** PROBLEM STATEMENT **
Copy the lines exactly. Begin at the first line of the data and stop after the line with "Invigorated Water Flavored".

(Collected data)
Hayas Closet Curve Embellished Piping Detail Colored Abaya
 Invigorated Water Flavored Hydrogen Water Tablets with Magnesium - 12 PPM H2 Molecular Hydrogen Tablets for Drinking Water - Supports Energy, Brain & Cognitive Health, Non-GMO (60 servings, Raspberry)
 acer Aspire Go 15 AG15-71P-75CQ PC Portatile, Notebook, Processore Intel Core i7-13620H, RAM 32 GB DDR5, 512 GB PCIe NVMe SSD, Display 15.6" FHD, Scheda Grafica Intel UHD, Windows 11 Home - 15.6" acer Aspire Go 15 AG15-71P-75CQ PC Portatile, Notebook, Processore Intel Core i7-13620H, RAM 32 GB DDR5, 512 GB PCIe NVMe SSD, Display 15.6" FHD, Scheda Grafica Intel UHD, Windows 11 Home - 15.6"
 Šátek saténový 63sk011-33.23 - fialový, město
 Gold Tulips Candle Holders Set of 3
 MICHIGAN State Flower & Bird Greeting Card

** SOLVED PROBLEM **
Hayas Closet Curve Embellished Piping Detail Colored Abaya
 Invigorated Water Flavored Hydrogen Water Tablets with Magnesium - 12 PPM H2 Molecular Hydrogen Tablets for Drinking Water - Supports Energy, Brain & Cognitive Health, Non-GMO (60 servings, Raspberry)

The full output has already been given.